By metonymy, the Spaniards called the pampas the native peoples who lived there, especially the het ('old' pampas), the northern Patagonian Tehuelche called Guanaqueen, and the Querandí.
The Pampas region is an extensive plain located to the east of the Argentine Republic, between 31° and 39° south latitude. Within this region it is possible to draw a clear separation between the so-called "Humid Pampa" or "Eastern Pampas" and the "Dry Pampa" or "Pampa Occidental" (Politos 1984). This division would be marked by the 600 mm isohyet. Thus, the Pampa Húmeda subregion is limited to the west by the aforementioned isohyet, while its eastern limits are marked by the Paraná River, the Río de la Plata and the Atlantic Ocean (Figure I.1).
Geomorphology
The Pampas region has a vast and continuous plain. This continuity is only interrupted by two mountain systems in the southeast of the region:
- Sierras de Tandilia: extends from Mar del Plata to the Las Flores stream. The highest height, 524 m. n. m., is located in the hill La Juanita.

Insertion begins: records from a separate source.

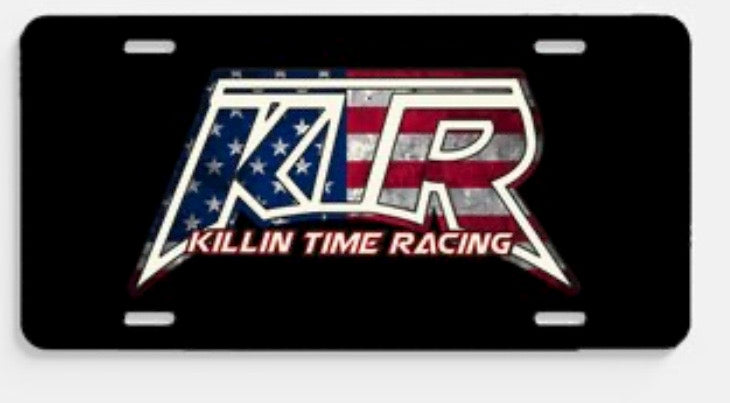 KTR License Plate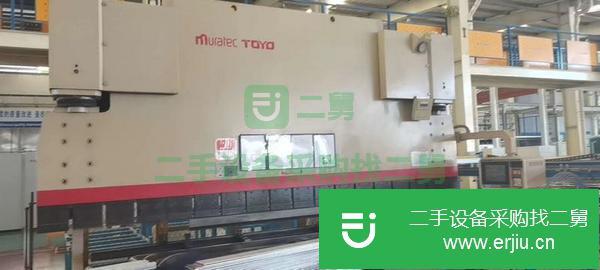 江蘇出售二手村田250噸4米電液數控折彎機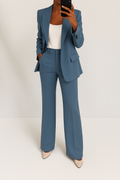 Tailored Two-Piece Suit Set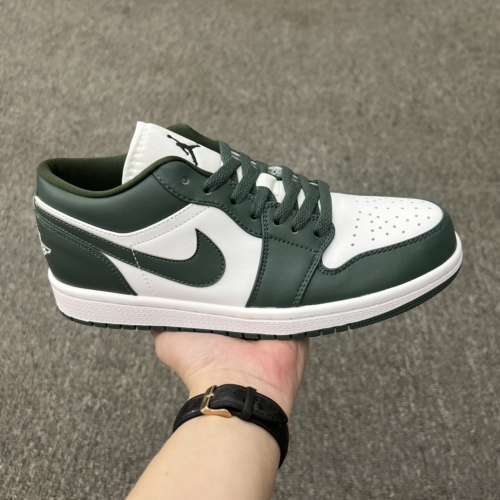 Air Jordan 1 Low White Olive Style:DC0774-113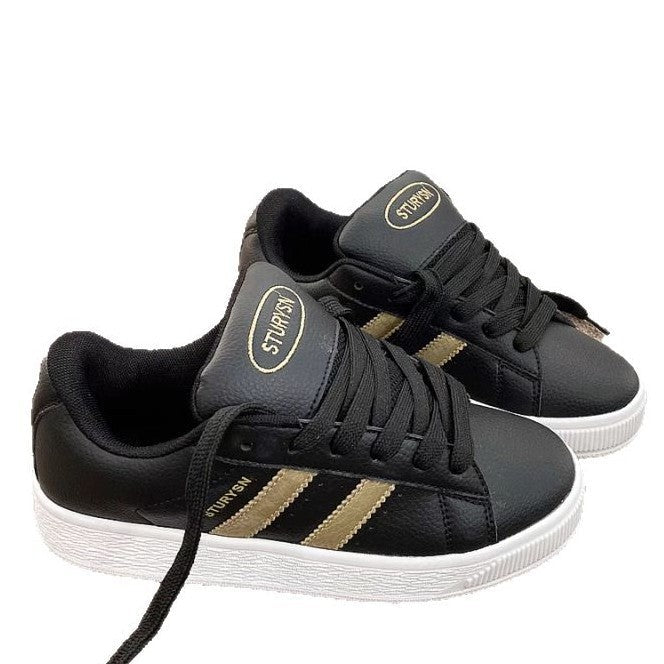 Damen Sportliche Sneakers mit klassischem Design und robustem Obermaterial R&B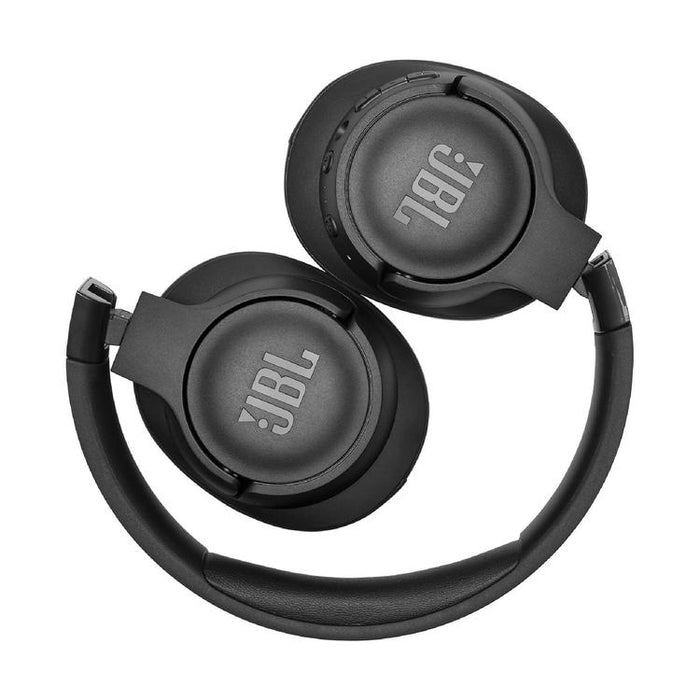 JBL Tune 760BTNC | Circumaural Wireless Headphones - Bluetooth - Active Noise Cancellation - Fast Pair - Foldable - Black-Sonxplus St-Sauveur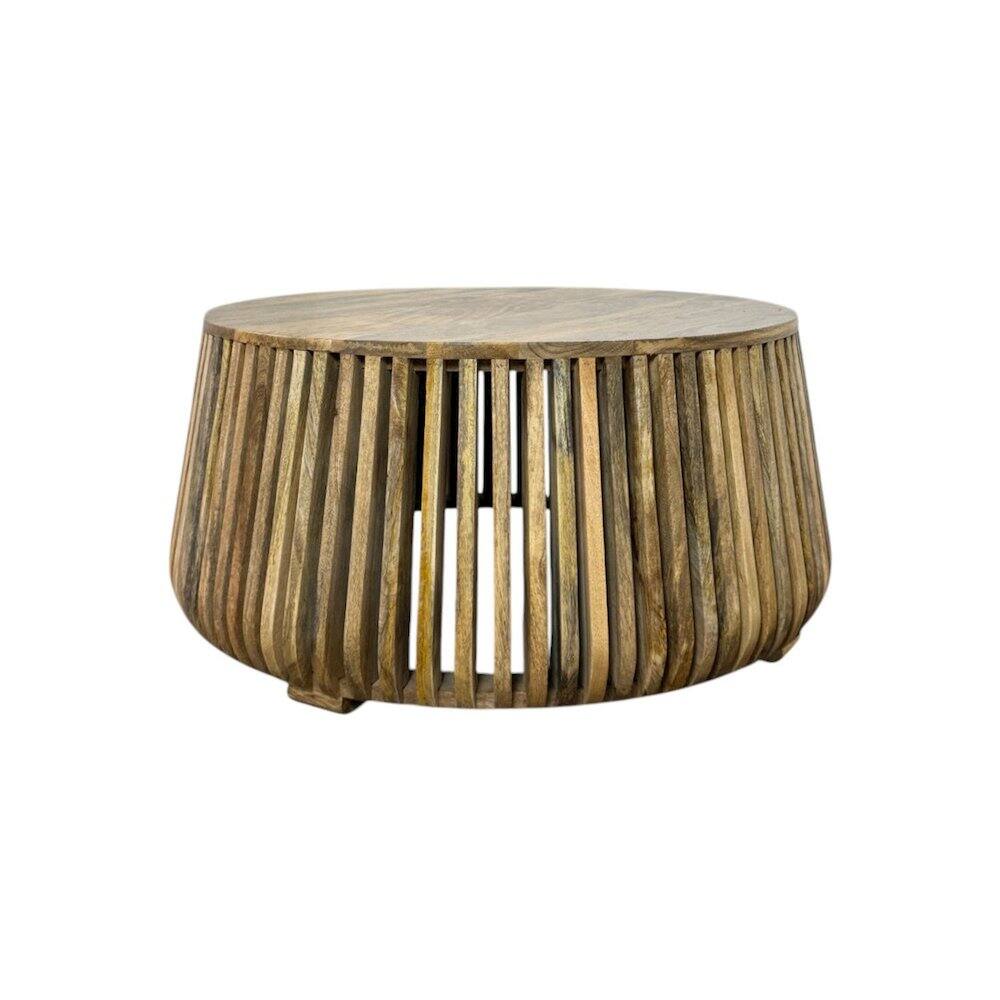 Alt View 1. Carolina Chair & Table - Cascade 36" Coffee Table - Natural - Brown.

- Sierras de Ventania: extends from the city of Puan to Indio Rico in the match of Colonel Pringles. Its highest height, 1239 m, is located on Mount Three Picos.
The plain alternates almost completely flat areas with slightly undulating ones. It is based on loess deposits from 300 to 5,000 meters deep that accumulated over about 5 million years, from the beginning of the Pliocene to the Holocene. Crystalline rock lies beneath these deposits and only emerges in mountain systems. mentioned or in the so-called Sierras Pampeanas, in the province of Córdoba, which are outside the region. Throughout the region there are permanent and temporary lagoons of various sizes. Most are due to the poor drainage network associated with the low regional slope and flat topography.
Climate
The climate of this region is a variation of the humid subtropical, also called temperate, characterized by the fact that the hottest season is also the rainiest. It has warm summers and cool and variable winters, with frequent frosts but no snowfall; the average annual temperature is 17 degrees.
The amount of precipitation forms a division between the humid pampas and the dry pampas. The humid pampa receives an average of 1,000 mm of precipitation per year and is favored by the winds from the Atlantic Ocean. In the dry pampa, located to the west of the region, there is only an average of 400 mm of precipitation per year on a sandy soil.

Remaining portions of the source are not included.